By John Murawski The News & Observer (Raleigh, N.C.)
WWR Article Summary (tl;dr) For someone with a minor injury in need of a quick prescription, telemedicine can be many times cheaper than visiting a hospital emergency room, and a lot faster, too.
The News & Observer (Raleigh, N.C.)
The next time you're dragging with a fever or miserable with pink eye, you can see the doctor without leaving your bedroom. All it takes is a smart phone or a home computer.
UNC Health Care and WakeMed Health & Hospitals this week began offering urgent care services online.
UNC Urgent Care 24/7 is a round-the-clock video linkup that allows you to talk with on-call doctors about sore throats, coughs, diarrhea, nausea, rashes, bug bites and other minor symptoms.
The Chapel-Hill-based health care system, which operates 13 hospitals in the state, announced the service on Tuesday, the day after WakeMed Health & Hospitals, launched its online urgent care service, eVisit.
WakeMed's telemedicine service is for five common symptoms -- coughs, diarrhea, sinus problems, headaches and urinary tract infections. It does not include a video component, however, but allows doctors and patients to communicate online in writing and send written descriptions of problems.
SIGN UP Telemedicine has been slow to gain traction in the Triangle. Duke University Health System is not offering virtual urgent cares at this time, but the Durham system offers video follow-up visits after routine surgeries -- such as removals of tonsils and gall bladders -- and plans to expand to other procedures.
Duke's Telestroke Network has been providing stroke specialist video consultations to patients in hospitals in southern Virginia and eastern North Carolina since 2013.
In other parts of the state, Vidant Health in Eastern North Carolina has been offering an online video-enabled service since January, while Cary-based RelyMD, an independent service that provides virtual urgent care services around the state, debuted in 2015. UNC and Vidant are both offering their online service through RelyMD's competitor, MDLIVE, a Florida company that supplies the North Carolina-licensed doctors and the technology to operate virtual care clinics.

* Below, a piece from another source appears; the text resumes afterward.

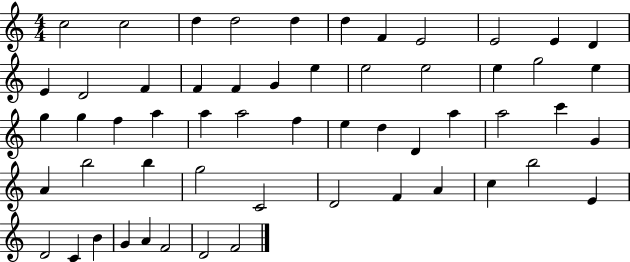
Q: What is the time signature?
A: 4/4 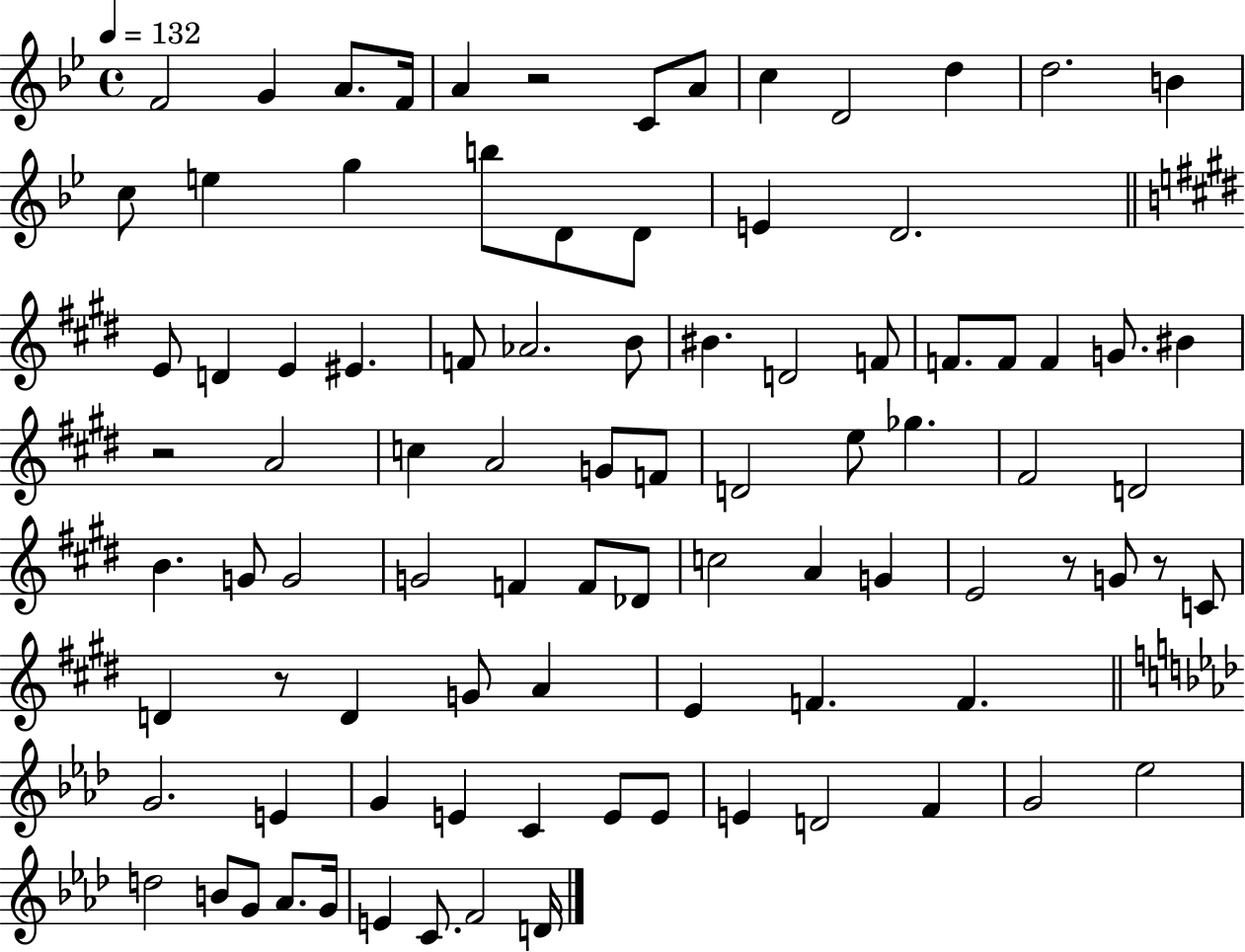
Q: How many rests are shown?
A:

RelyMD is the largest virtual urgent care service in the state. RelyMD was founded by Wake Emergency Physicians and employs more than 150 emergency doctors, all based in North Carolina. It provides virtual urgent care services to a number of organizations, including Piedmont Health Services, which operates health care clinics in 14 counties, as well as HQ Raleigh, a collaborative workspace for entrepreneurs. The company has added 15 clients since January, with some companies providing virtual urgent care just for their own employees.

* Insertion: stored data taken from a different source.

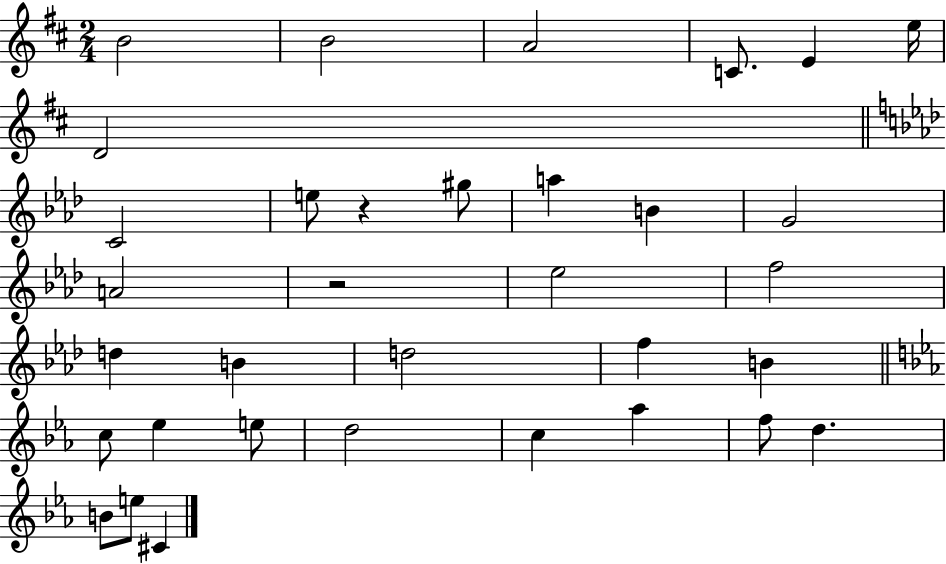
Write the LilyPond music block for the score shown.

{
  \clef treble
  \numericTimeSignature
  \time 2/4
  \key d \major
  b'2 | b'2 | a'2 | c'8. e'4 e''16 | \break d'2 | \bar "||" \break \key aes \major c'2 | e''8 r4 gis''8 | a''4 b'4 | g'2 | \break a'2 | r2 | ees''2 | f''2 | \break d''4 b'4 | d''2 | f''4 b'4 | \bar "||" \break \key c \minor c''8 ees''4 e''8 | d''2 | c''4 aes''4 | f''8 d''4. | \break b'8 e''8 cis'4 | \bar "|."
} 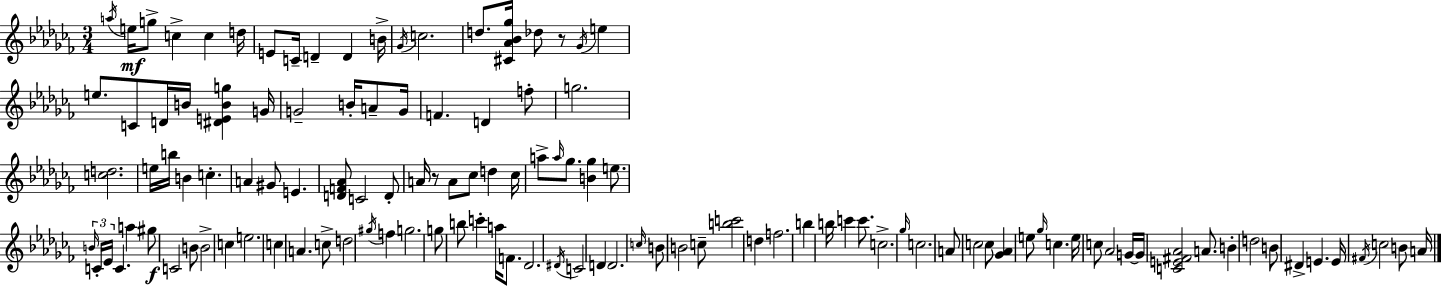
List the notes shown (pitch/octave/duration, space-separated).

A5/s E5/s G5/e C5/q C5/q D5/s E4/e C4/s D4/q D4/q B4/s Gb4/s C5/h. D5/e. [C#4,Ab4,Bb4,Gb5]/s Db5/e R/e Gb4/s E5/q E5/e. C4/e D4/s B4/s [D#4,E4,B4,G5]/q G4/s G4/h B4/s A4/e G4/s F4/q. D4/q F5/e G5/h. [C5,D5]/h. E5/s B5/s B4/q C5/q. A4/q G#4/e E4/q. [D4,F4,Ab4]/e C4/h D4/e A4/s R/e A4/e CES5/e D5/q CES5/s A5/e A5/s Gb5/e. [B4,Gb5]/q E5/e. B4/s C4/s Eb4/s C4/q. A5/q G#5/e C4/h B4/e B4/h C5/q E5/h. C5/q A4/q. C5/e D5/h G#5/s F5/q G5/h. G5/e B5/e C6/q A5/s F4/e. Db4/h. D#4/s C4/h D4/q D4/h. C5/s B4/e B4/h C5/e [B5,C6]/h D5/q F5/h. B5/q B5/s C6/q C6/e. C5/h. Gb5/s C5/h. A4/e C5/h C5/e [Gb4,Ab4]/q E5/e Gb5/s C5/q. E5/s C5/e Ab4/h G4/s G4/s [C4,E4,F#4,Ab4]/h A4/e. B4/q D5/h B4/e D#4/q E4/q. E4/s F#4/s C5/h B4/e A4/s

A less expensive option For someone with a minor injury in need of a quick prescription, telemedicine can be many times cheaper than visiting a hospital emergency room, and a lot faster, too.
"This is a more affordable alternative to the ER, and it's more accessible," said UNC Health Care spokesman Alan Wolf.
UNC's service costs $49 out-of-pocket, unless health insurance pays for it. By comparison, the cost of a visit to an REX Express Cares clinic for an uninsured person starts at about $100, Wolf said.
UNC tested the virtual clinic approach for a year on its 34,000 health care system employees, and some can use UNC Urgent Care 24/7 at no cost on one of UNC's health insurance plans.
WakeMed's eVisits service costs $35 per virtual visit, and it's not yet covered by health insurance because it was just unveiled, spokeswoman Kristin Kelly said. It's not available to everyone, but only to wakeMed patients from the past 18 months who have used WakeMed's hospital, outpatient sites, urgent cares or WakeMed Physician Practice offices. The doctors on eVisit are WakeMed urgent care physicians.
Both services require patients to pre-register online and UNC's is also accessible through an app.
Virtual urgent care is not a substitute for the real thing. It's good only for non-emergency conditions -- such as allergies, coughs, fevers, rashes, vomiting and insect bites -- for which a doctor can electronically prescribe antibiotics, antihistamines and other such medications. For more serious conditions that require controlled substances, x-rays, splints and bandages, you'll need to go to a clinic.
Both WakeMed and UNC say they will not charge patients who turn to the virtual urgent care but are told they need to visit a real clinic or even a hospital emergency department.
"If a patient does a virtual visit but needs to go to the ED, the virtual visit charge will be refunded," Wolf said.